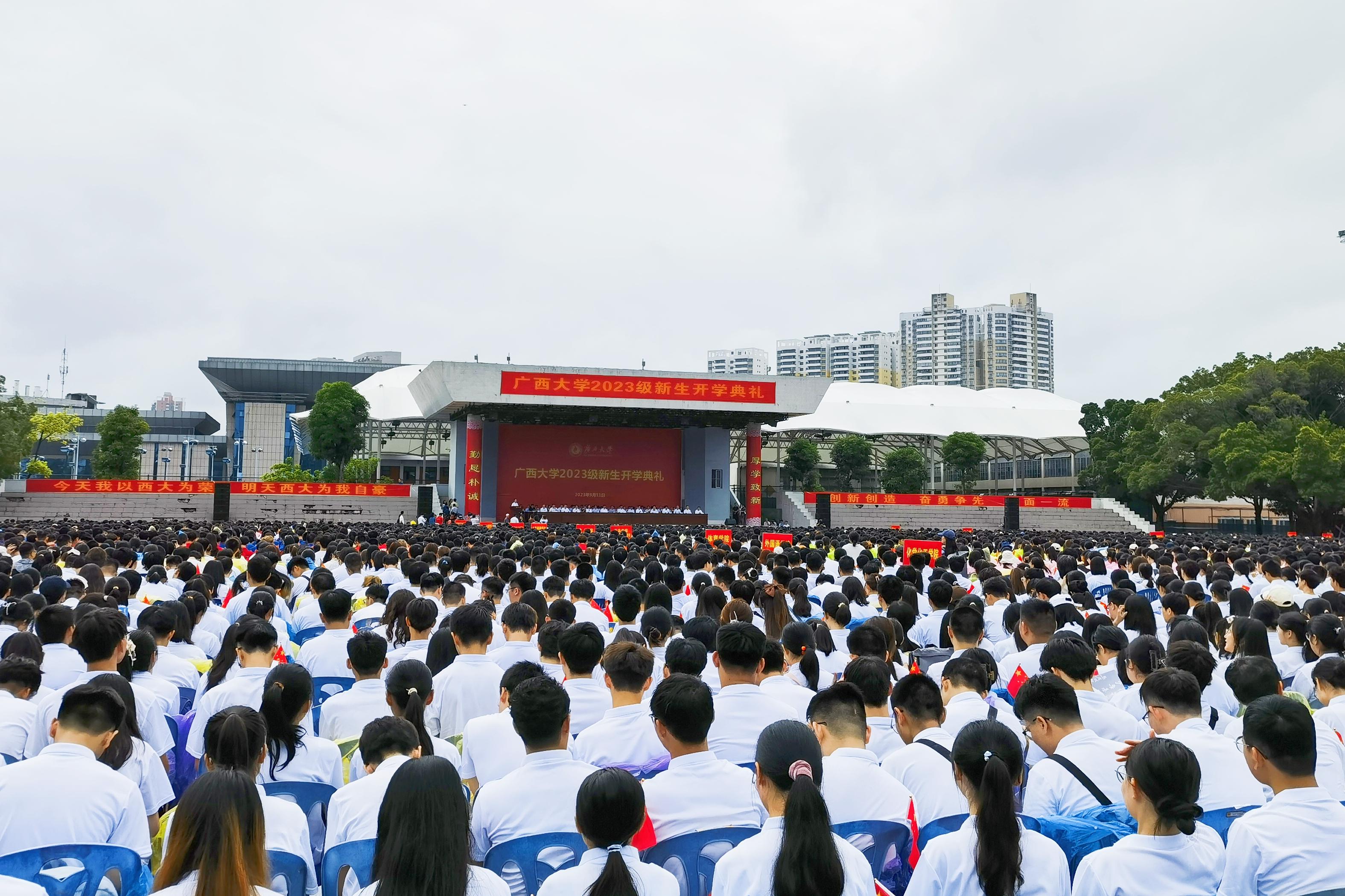 太阳集团2138网址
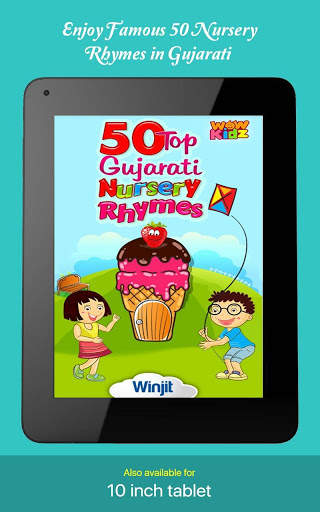 50 Gujarati Nursery Rhymes screenshot 5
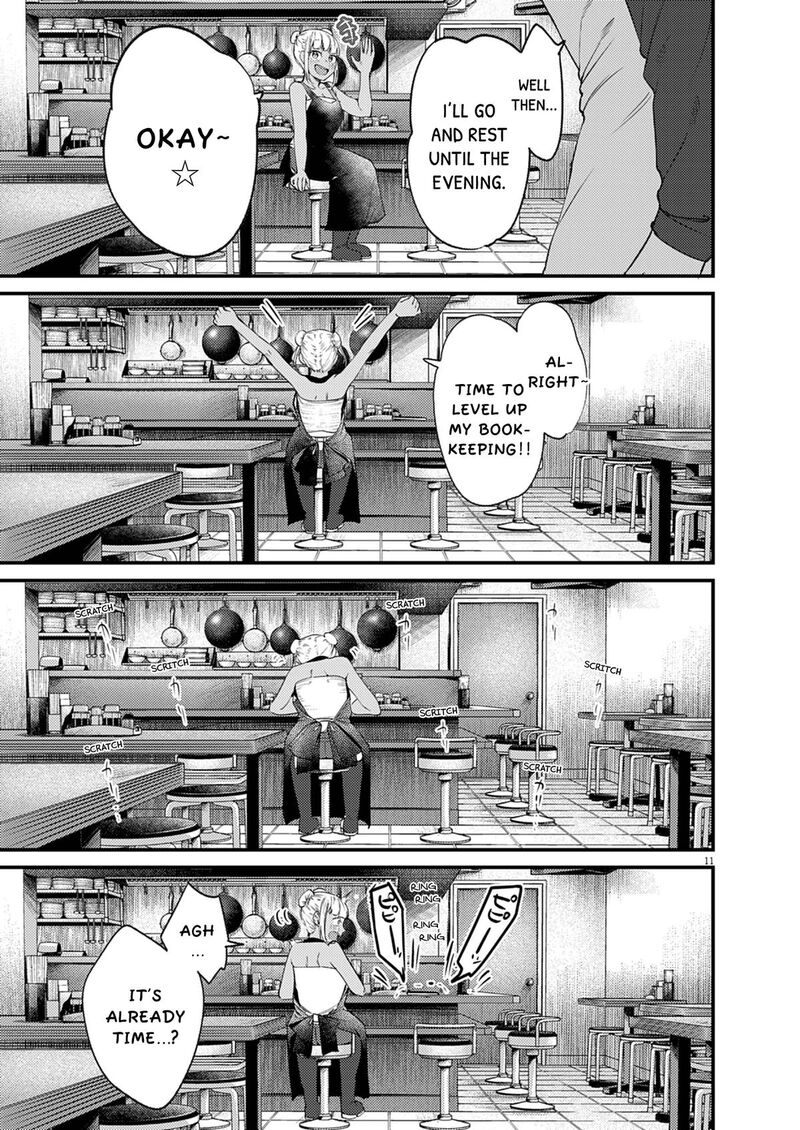 Renge To Naruto Chapter 55 Page 11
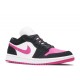 WMNS AIR JORDAN 1 BLACK CACTUS FLOWER  Schuhe dc0774 005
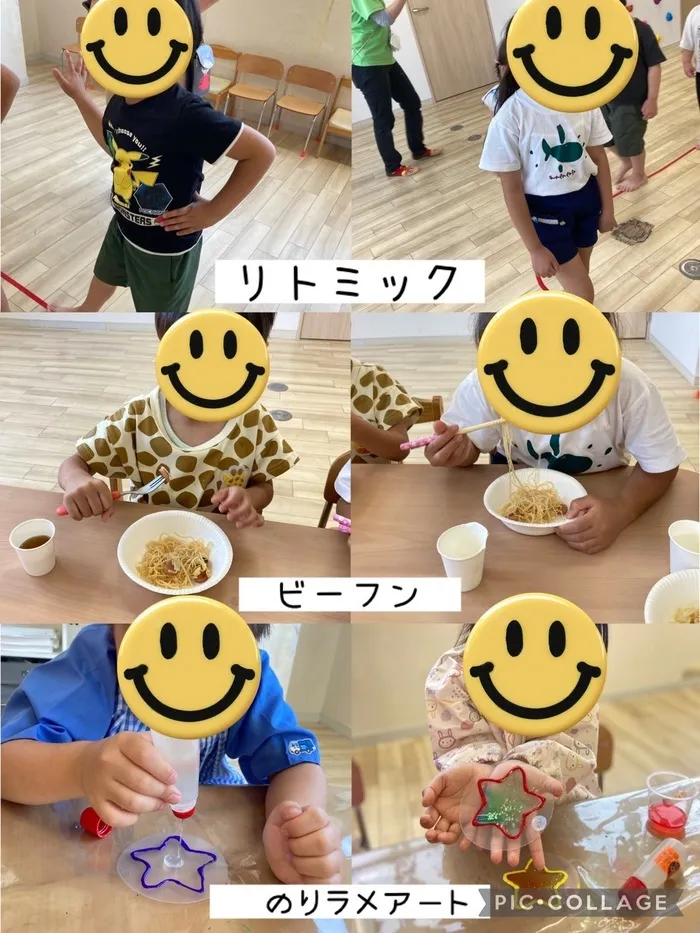 ヨリドコロ横浜三ツ沢/2025年6月17日ヨリドコロ横浜三ッ沢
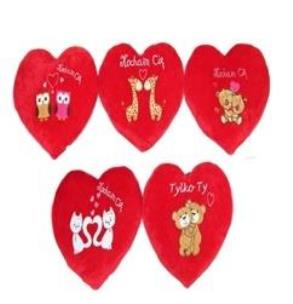 Opakowanie Serce 48cm MIX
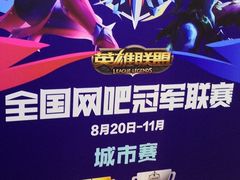 -玖号网咖(诚基店)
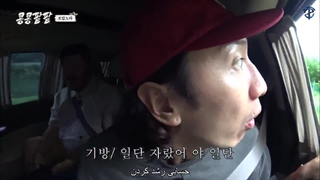 تماشای قسمت دوم ورایتی شوی "GBRB" با حضور کیونگسو و زیرنویس فارسی چسبیده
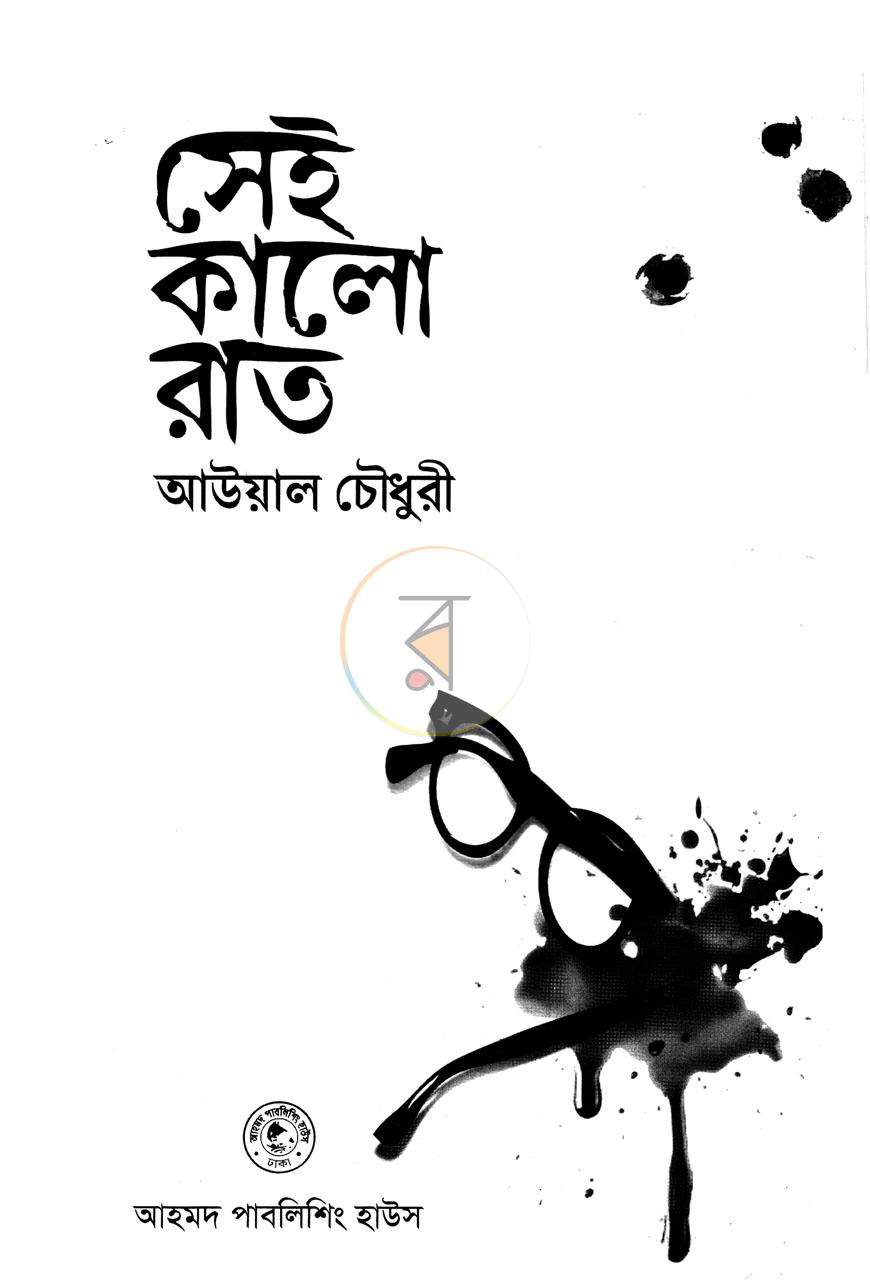 পাতা 2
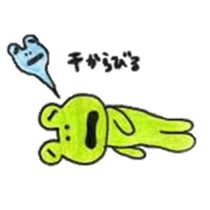 A frog and rabbit sticker #6928767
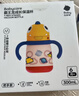 babycare儿童保温杯婴儿宝宝吸管水杯霸王龙不锈钢保温杯300ml-新旧款混发 实拍图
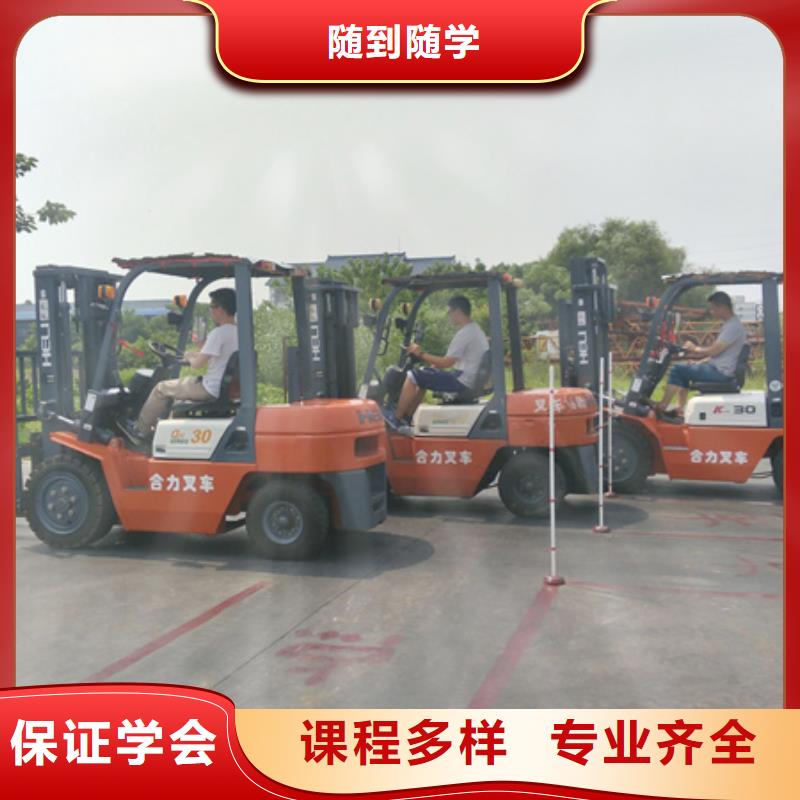 塔吊叉车培训_【哪个学校能学厨师烹饪】就业快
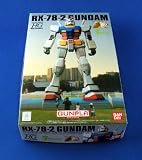 【お台場限定】 HG 1/144 RX-78-2 ガンダム Ver.G30th GREEN GUNDAM PROJECT《プラモデル》
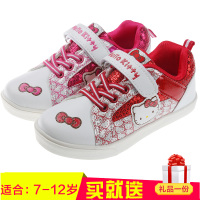 Hello Kitty DI3084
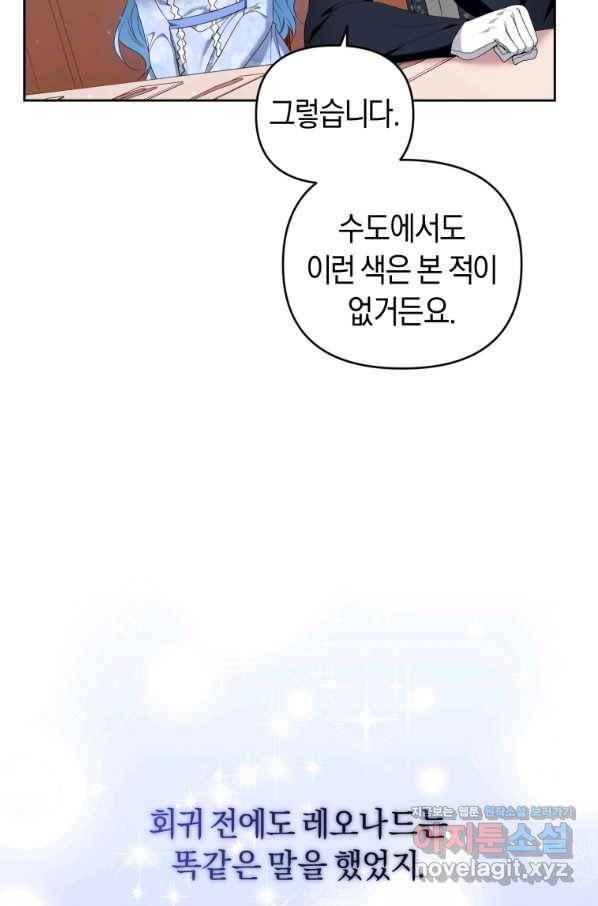 이번 생은 내가 주인입니다 28화 15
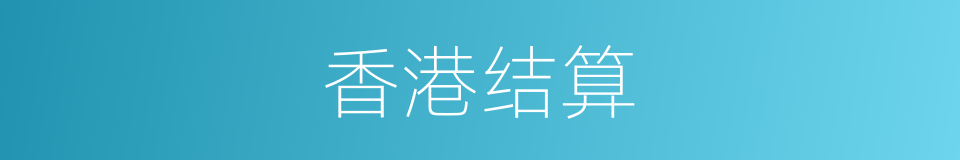 香港结算的同义词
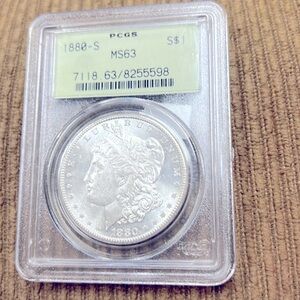 1880 -S MS 63
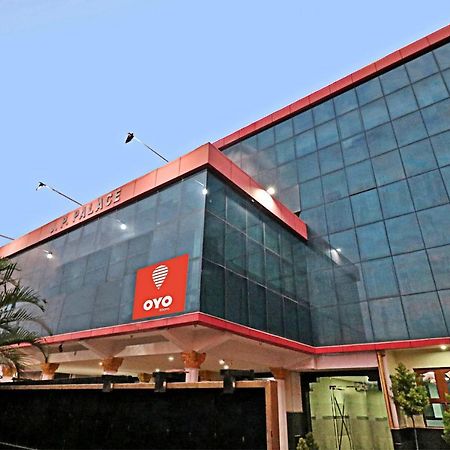 Oyo J P Palace Ξενοδοχείο Dod Ballāpur Εξωτερικό φωτογραφία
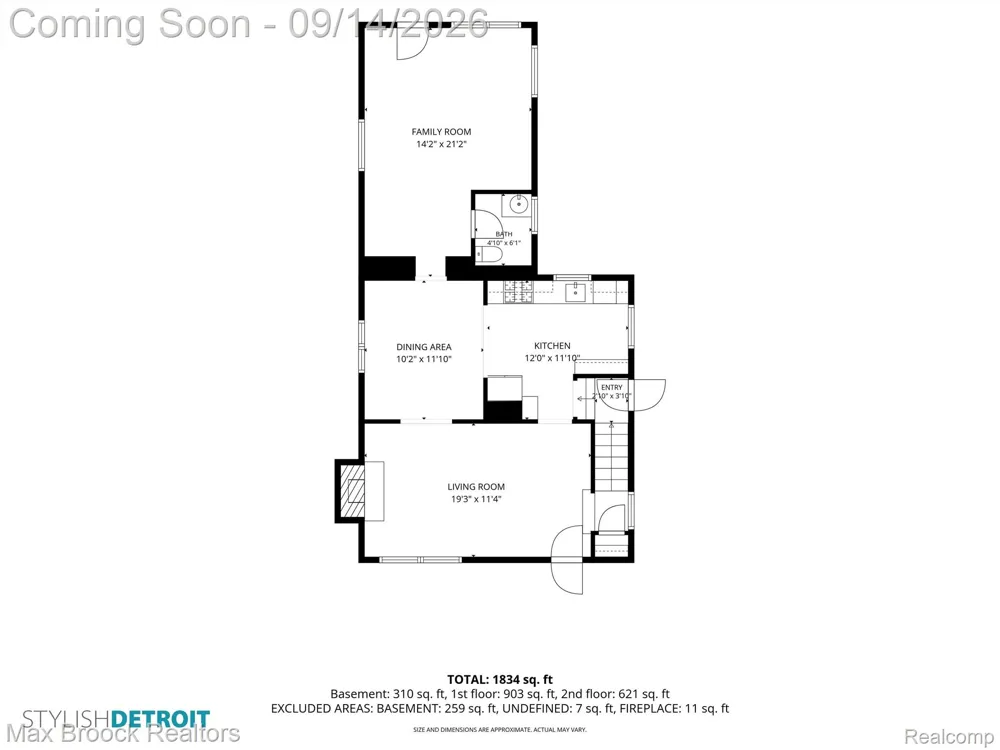 1033 Irving Avenue Royal Oak City, MI 48067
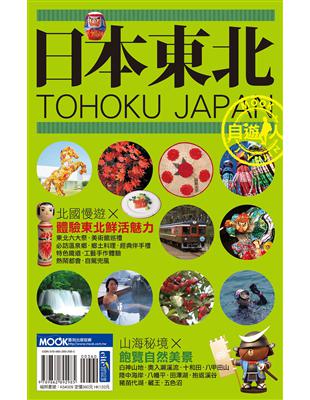 日本東北自遊人 | 拾書所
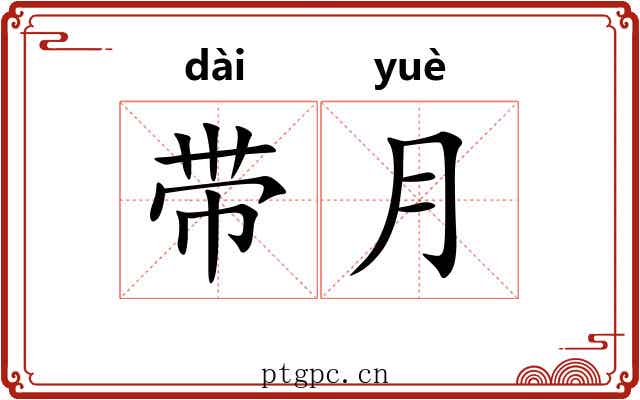 带月 带月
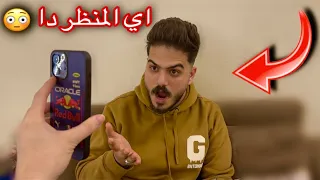 صارحت تركيان اني في علاقه مع بنت غيرها لازم اتجوزها 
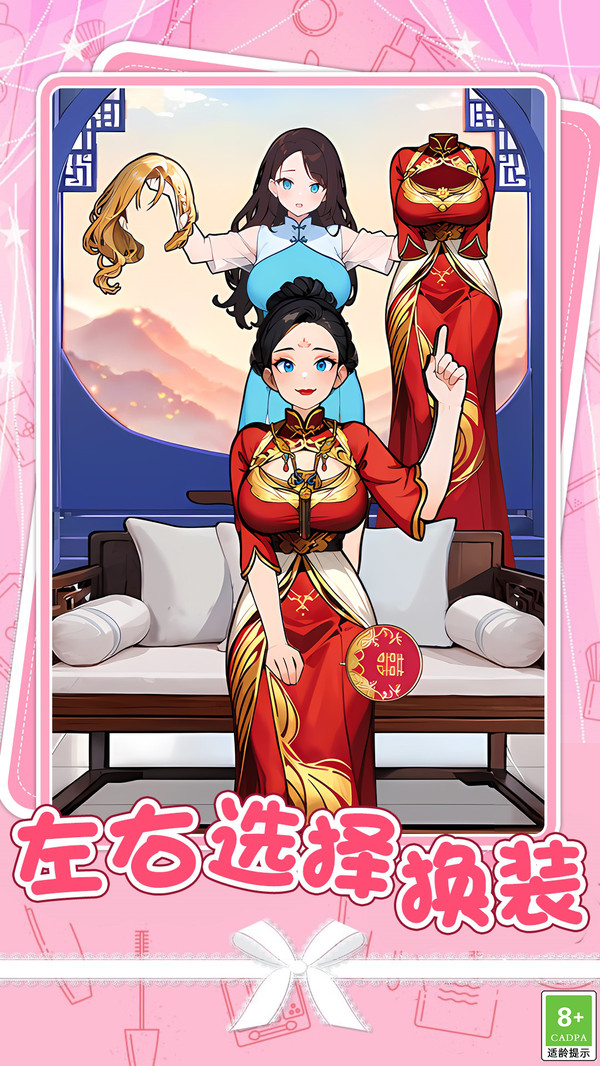 大小姐爱美丽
--
• [Problem requirements]: In the answer, give only the lines from the one containing "Oyo J P Palace" through the end of the records above, each reproduced exactly. Include no pictures.

• [Response]:
 Oyo J P Palace Ξενοδοχείο Dod Ballāpur Εξωτερικό φωτογραφία
 1033 Irving Avenue Royal Oak City, MI 48067
 日本東北自遊人 | 拾書所
 带月 带月
 صارحت تركيان اني في علاقه مع بنت غيرها لازم اتجوزها 
 大小姐爱美丽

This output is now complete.